5. Which counters have to be monitored/traced (At the Trace32 Peripherals View) in order to draw conclusions about the cache and DDR status?

Kind Regards
Thomas

0 Richard Woodruff 7 months ago in reply to Thomas Willetal

TI__Mastermind 23455 points

Hello Thomas,

5mS seems to be in the wrong scale range a big for single HW bubble, though depending on the total amount of execution time of the RT routine maybe many HW events are combined. I would guess SW is the first order contributor but certainly HW will play a part.

Can you simplify the system and scale it down such that run everything runs on 1 cluster? If you see jitter in between 4 cores vs. 8 it will be an easier issue to work on. Any other simplifying steps could help. Perhaps reduce the RT cores to simple flag setting (no work) and see if GC still disrupts at the same magnitude.
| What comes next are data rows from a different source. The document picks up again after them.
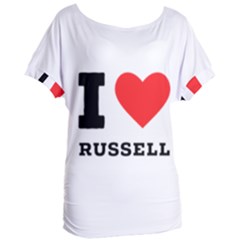 I Love Russell Women s Oversized Tee by ilovewhateva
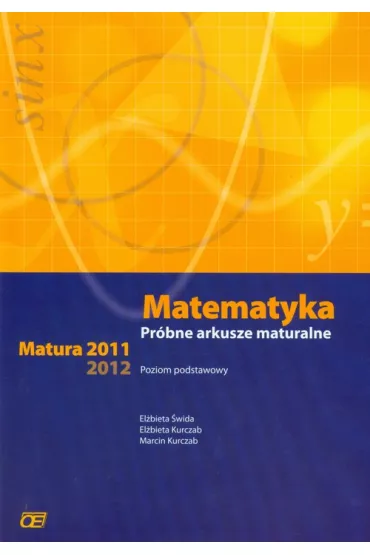 Matematyka Pr�bne arkusze maturalne Matura 2011,2012 Zakres podstawowy - El�bieta Kurczab, El�bieta �wida, Marcin Kurczab
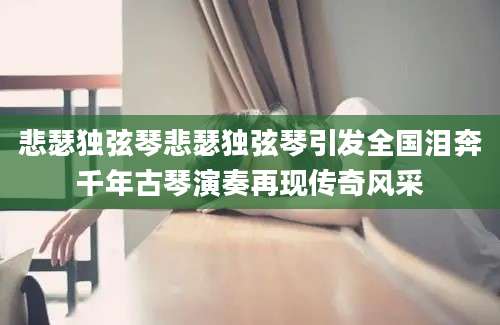 悲瑟独弦琴悲瑟独弦琴引发全国泪奔千年古琴演奏再现传奇风采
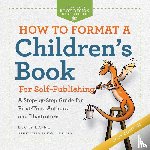 Bayne, Becky - How to Format a Children's Book for Self-Publishing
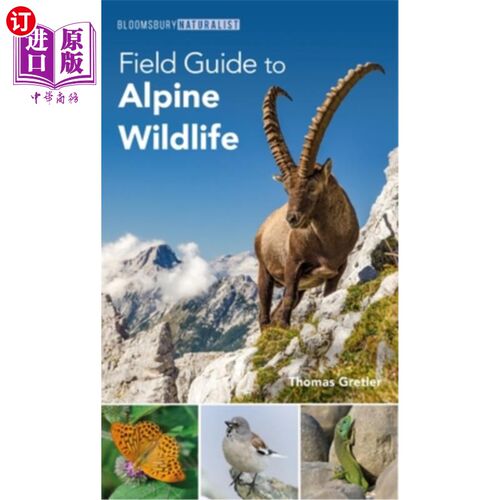 海外直订Field Guide to Alpine Wildlife 高山野生动物野外指南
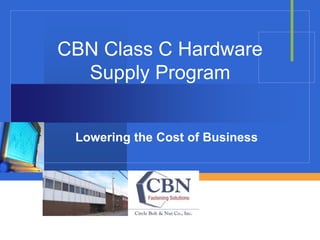 Company
LOGO
CBN Class C Hardware
Supply Program
Lowering the Cost of Business
 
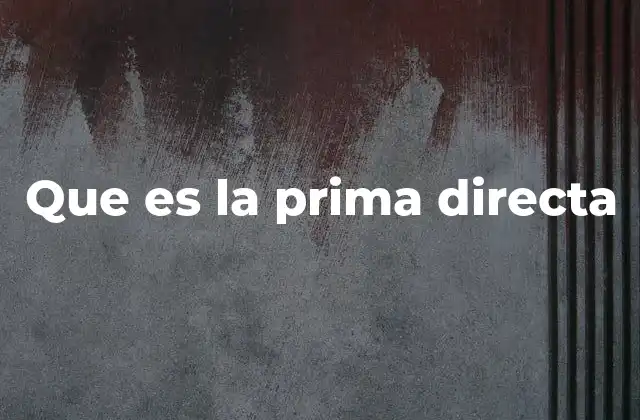 Que es la Prima Directa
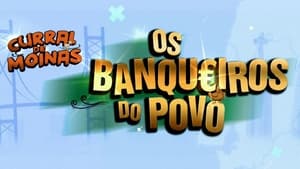 Curral de Moinas: Os Banqueiros do Povo - A Série kép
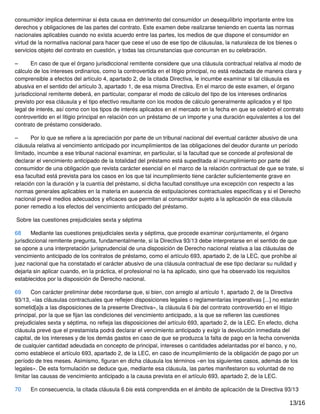 consumidor implica determinar si ésta causa en detrimento del consumidor un desequilibrio importante entre los
derechos y obligaciones de las partes del contrato. Este examen debe realizarse teniendo en cuenta las normas
nacionales aplicables cuando no exista acuerdo entre las partes, los medios de que dispone el consumidor en
virtud de la normativa nacional para hacer que cese el uso de ese tipo de cláusulas, la naturaleza de los bienes o
servicios objeto del contrato en cuestión, y todas las circunstancias que concurran en su celebración.
– En caso de que el órgano jurisdiccional remitente considere que una cláusula contractual relativa al modo de
cálculo de los intereses ordinarios, como la controvertida en el litigio principal, no está redactada de manera clara y
comprensible a efectos del artículo 4, apartado 2, de la citada Directiva, le incumbe examinar si tal cláusula es
abusiva en el sentido del artículo 3, apartado 1, de esa misma Directiva. En el marco de este examen, el órgano
jurisdiccional remitente deberá, en particular, comparar el modo de cálculo del tipo de los intereses ordinarios
previsto por esa cláusula y el tipo efectivo resultante con los modos de cálculo generalmente aplicados y el tipo
legal de interés, así como con los tipos de interés aplicados en el mercado en la fecha en que se celebró el contrato
controvertido en el litigio principal en relación con un préstamo de un importe y una duración equivalentes a los del
contrato de préstamo considerado.
– Por lo que se reﬁere a la apreciación por parte de un tribunal nacional del eventual carácter abusivo de una
cláusula relativa al vencimiento anticipado por incumplimientos de las obligaciones del deudor durante un período
limitado, incumbe a ese tribunal nacional examinar, en particular, si la facultad que se concede al profesional de
declarar el vencimiento anticipado de la totalidad del préstamo está supeditada al incumplimiento por parte del
consumidor de una obligación que revista carácter esencial en el marco de la relación contractual de que se trate, si
esa facultad está prevista para los casos en los que tal incumplimiento tiene carácter suﬁcientemente grave en
relación con la duración y la cuantía del préstamo, si dicha facultad constituye una excepción con respecto a las
normas generales aplicables en la materia en ausencia de estipulaciones contractuales especíﬁcas y si el Derecho
nacional prevé medios adecuados y eﬁcaces que permitan al consumidor sujeto a la aplicación de esa cláusula
poner remedio a los efectos del vencimiento anticipado del préstamo.
Sobre las cuestiones prejudiciales sexta y séptima
68 Mediante las cuestiones prejudiciales sexta y séptima, que procede examinar conjuntamente, el órgano
jurisdiccional remitente pregunta, fundamentalmente, si la Directiva 93/13 debe interpretarse en el sentido de que
se opone a una interpretación jurisprudencial de una disposición de Derecho nacional relativa a las cláusulas de
vencimiento anticipado de los contratos de préstamo, como el artículo 693, apartado 2, de la LEC, que prohíbe al
juez nacional que ha constatado el carácter abusivo de una cláusula contractual de ese tipo declarar su nulidad y
dejarla sin aplicar cuando, en la práctica, el profesional no la ha aplicado, sino que ha observado los requisitos
establecidos por la disposición de Derecho nacional.
69 Con carácter preliminar debe recordarse que, si bien, con arreglo al artículo 1, apartado 2, de la Directiva
93/13, «las cláusulas contractuales que reﬂejen disposiciones legales o reglamentarias imperativas [...] no estarán
sometid[a]s a las disposiciones de la presente Directiva», la cláusula 6 bis del contrato controvertido en el litigio
principal, por la que se ﬁjan las condiciones del vencimiento anticipado, a la que se reﬁeren las cuestiones
prejudiciales sexta y séptima, no reﬂeja las disposiciones del artículo 693, apartado 2, de la LEC. En efecto, dicha
cláusula prevé que el prestamista podrá declarar el vencimiento anticipado y exigir la devolución inmediata del
capital, de los intereses y de los demás gastos en caso de que se produzca la falta de pago en la fecha convenida
de cualquier cantidad adeudada en concepto de principal, intereses o cantidades adelantadas por el banco, y no,
como establece el artículo 693, apartado 2, de la LEC, en caso de incumplimiento de la obligación de pago por un
período de tres meses. Asimismo, ﬁguran en dicha cláusula los términos «en los siguientes casos, además de los
legales». De esta formulación se deduce que, mediante esa cláusula, las partes manifestaron su voluntad de no
limitar las causas de vencimiento anticipado a la causa prevista en el artículo 693, apartado 2, de la LEC.
70 En consecuencia, la citada cláusula 6 bis está comprendida en el ámbito de aplicación de la Directiva 93/13
13/16
 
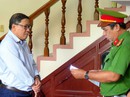 Phú Yên: Bắt tạm giam nguyên chủ tịch huyện Phú Yên: Bắt tạm giam nguyên chủ tịch huyện
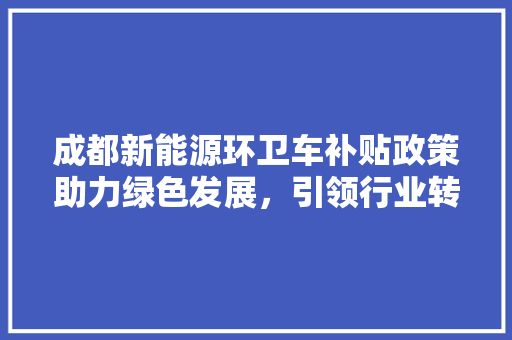 成都新能源环卫车补贴政策助力绿色发展，引领行业转型新篇章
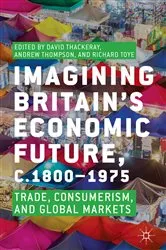 Book cover of Imagining Britain’s Economic Future, c.1800–1975 by David Thackeray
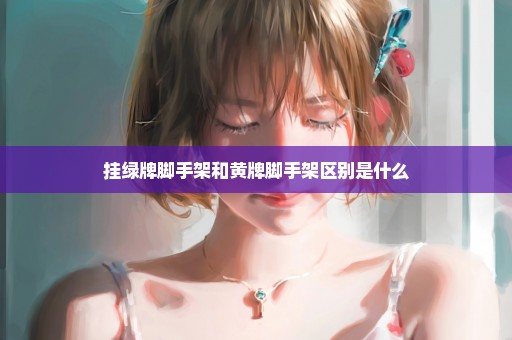 挂绿牌脚手架和黄牌脚手架区别是什么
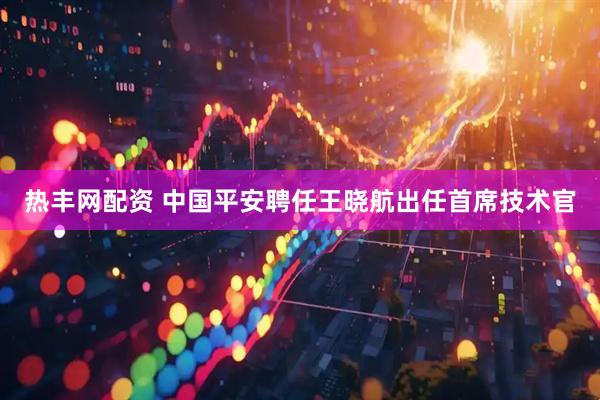 热丰网配资 中国平安聘任王晓航出任首席技术官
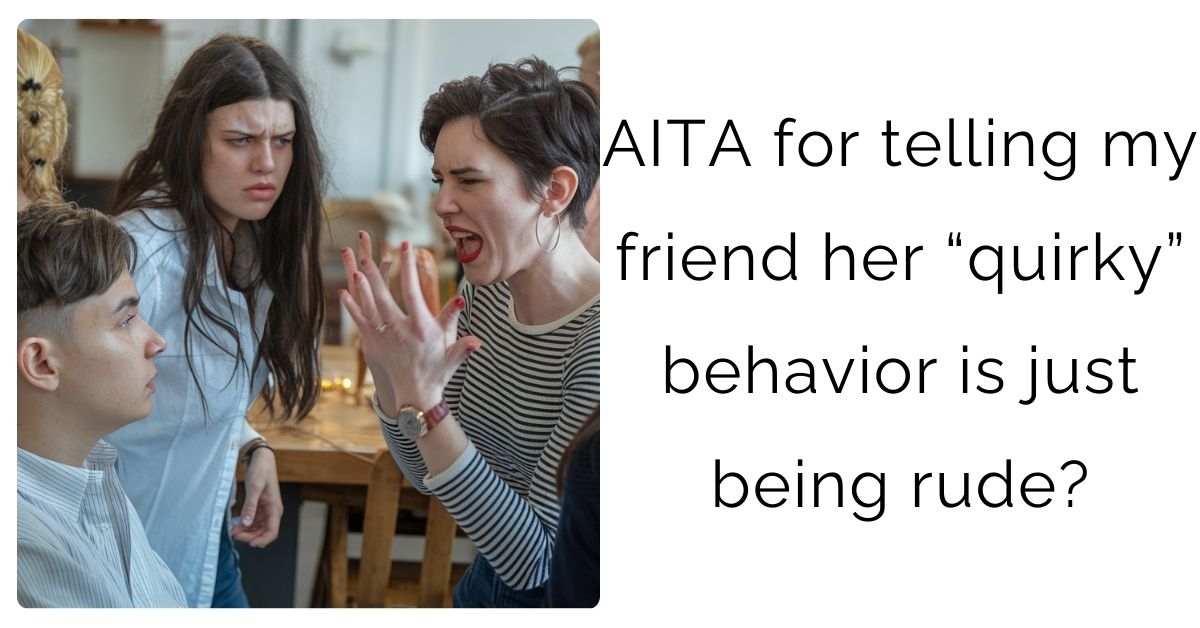 AITA for telling my friend her “quirky” behavior is just being rude?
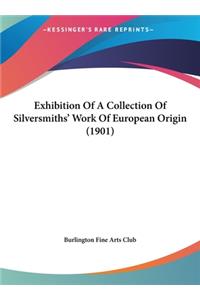 Exhibition of a Collection of Silversmiths' Work of European Origin (1901)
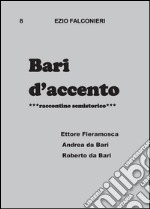 Bari d'accento. Vol. 8: Ettore Fieramosca, Andrea da Bari, Roberto da Bari libro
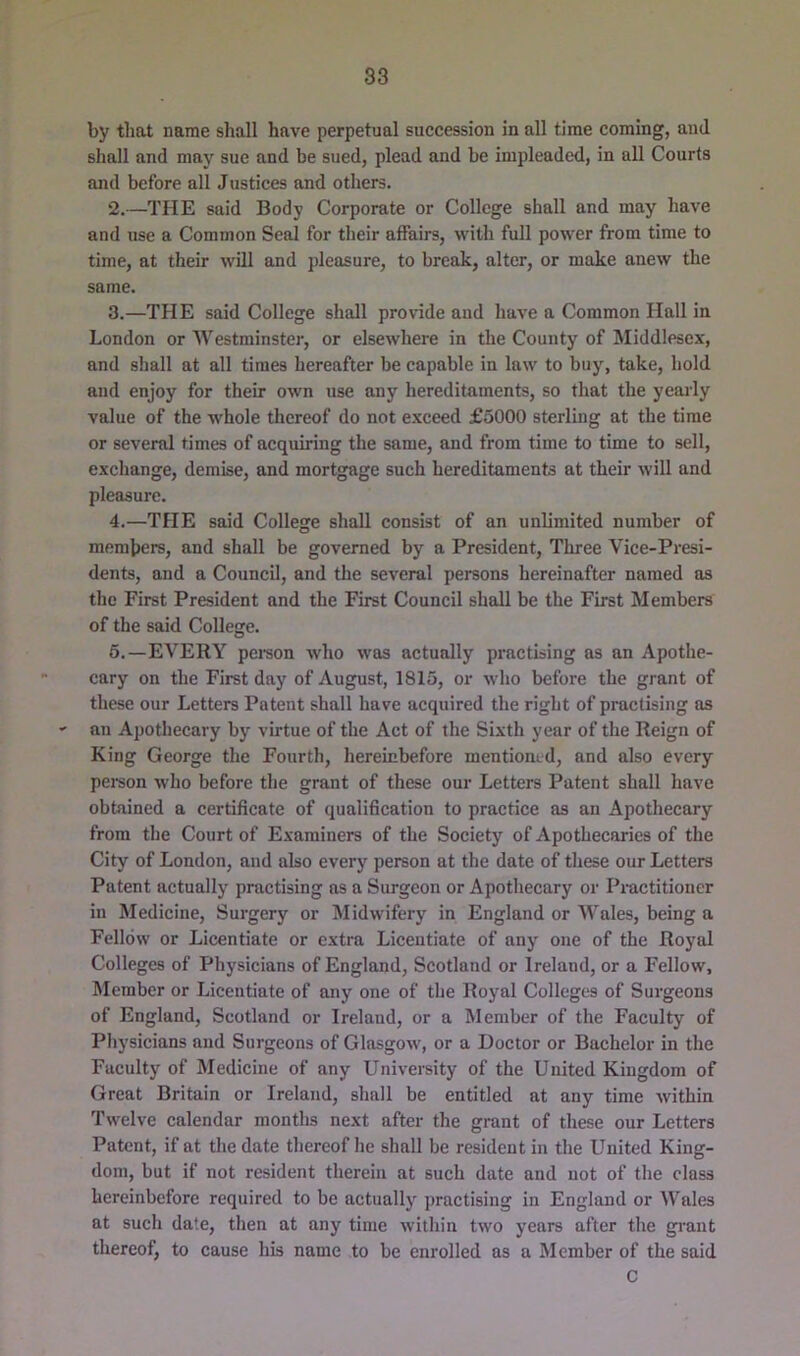 by that name shall have perpetual succession in all time coming, and shall and may sue and be sued, plead and be impleaded, in all Courts and before all Justices and others. 2. —THE said Body Corporate or College shall and may have and use a Common Seal for their affairs, with full power from time to time, at their will and jdeasure, to break, alter, or make anew the same. 3. —THE said College sliall provide and have a Common Hall in London or Westminster, or elsewhere in the County of Middlesex, and shall at all times hereafter be capable in law to buy, take, hold and enjoy for their own use any hereditaments, so that the yearly value of the whole thereof do not exceed £5000 sterling at the time or several times of acquiring the same, and from time to time to sell, exchange, demise, and mortgage such hereditaments at their will and pleasure. 4. —THE said College shall consist of an unlimited number of members, and shall be governed by a President, Three Vice-Presi- dents, and a Council, and the several persons hereinafter named as the First President and the First Council shall be the First Members of the said College. 6.—EVERY peison who was actually practising as an Apothe- cary on the First day of August, 1815, or who before the grant of these our Letters Patent shall have acquired the right of practising as au Apothecary by virtue of the Act of the Sixth year of the Reign of King George the Fourth, hereinbefore mentioned, and also every pei-son who before the grant of these our Letters Patent shall have obtained a certificate of qualification to practice as an Apothecary from the Court of Examiners of the Society of Apothecaries of the City of London, and also every person at the date of these our Letters Patent actually practising as a Surgeon or Apothecary or Practitioner in Medicine, Surgery or Midwifery in England or Wales, being a Fellow or Licentiate or extra Licentiate of any one of the Royal Colleges of Physicians of England, Scotland or Ireland, or a Fellow, Member or Licentiate of any one of the Royal Colleges of Surgeons of England, Scotland or Ireland, or a Member of the Faculty of Physicians and Surgeons of Glasgow, or a Doctor or Bachelor in the Faculty of Medicine of any University of the United Kingdom of Great Britain or Ireland, shall be entitled at any time Avithin Twelve calendar months next after the grant of these our Letters Patent, if at the date thereof he shall be resident in the United King- dom, but if not resident therein at such date and not of the class hereinbefore required to be actuallj practising in England or Wales at such date, then at any time within two years after the grant thereof, to cause his name to be enrolled as a Member of the said C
If after checking 1 cluster if you find its a cross cluster issue, maybe some of the application's cross cluster communication is depending on underlying SEV/WFEs then a change like I suggested in this other E2E would likely help your system. The current SW/FW images fail to link the clusters through the CLEC properly. This results in SEVs only working inside a cluster not across it. It might be your code has to wait for some other event to wake which is taken more time. In the video I show how to use your TRACE32 to fix this. It would be a quick run time test to make. Eventually this will be part of our base images after the JIRA is handled.

https://e2e.ti.com/support/processors-group/processors/f/processors-forum/1440747/tda4vh-q1-event-communication-between-clusters-is-not-possible/5527113#5527113

Each cluster can be set to a different priority which can boost a cluster designated as RT. The cluster priority is located in each CPUs local address space. A quick test can be done using your debugger. Set the core focus to a core on 1-4 and set one cluster priority, then set the focus to 5-8 and set the other priority. Probably the best place to set this is in some ATF code before launch but maybe some other way is acceptable. For cluster0 the priority is at ASD:0x6000020 and for cluster1 the priority is at 0x61000020.

When touching QOS settings, I do find it useful to use the cptracer probes which exist around the chip. By setting a probe at an endpoint like an EMIF you can see that QOS settings are taking effect using a transaction probe. Use of a bandwidth or a latency probe can be a good way to measure effects. In example CMM projects I have some comments in the notes directory and also in the cptracer.cmm files. There is also some companion PPTs which you may have got from your TI field rep. I'll attach a short video of verifying a priority setting.

/cfs-file/__key/communityserver-discussions-components-files/791/a72clust_5F00_priority_5F00_cptt_5F00_trans.mp4

Attached are the scripts used to make the video. The password for the zip is "T32". With tracers, using an address or routeid (which master) filter helps sort traffic. The script map_active_bus_routes.cmm will be helpful as it lists all the masters in one spot.

/cfs-file/__key/communityserver-discussions-components-files/791/4274.cmm_2D00_tda4vh_5F00_j784s4.7z

For tracing, offchip trace is the best using EMU pins, however, there are small onchip trace buffers which can be effective for statistics (like bandwidth) if the sample period is set high or if filtering is used. Your 14 pin connector will not help much for offchip trace as it doesn't have enough trace pins nor does it naturally route to an external trace receiver. With a custom adaptor hacks you can get 1 bit trace offchip which can give some cluses but is not wide enough so it will have overflows without filter throttling. Prototyping on an EVM with full trace on the mipi60 is probably the fastest way to experiment.

A rescan of my previous comments may be in order. Any memory which can be marked as MMU-non-shared will reduce HW overhead and reduce a possible jitter source. In systems which have final stage independent streams coming from the C7 this is down to increase efficiency. SMP Linux will have everything shared by default but you can make carveouts if they make sense. Also, making MSMC-SRAM instead of cache makes for something much more predictable then a shared LPDDR.

Hopefully the above points provides some experimental angles. An E2E thread doesn't scale well for this topic.

Regards,

Richard W.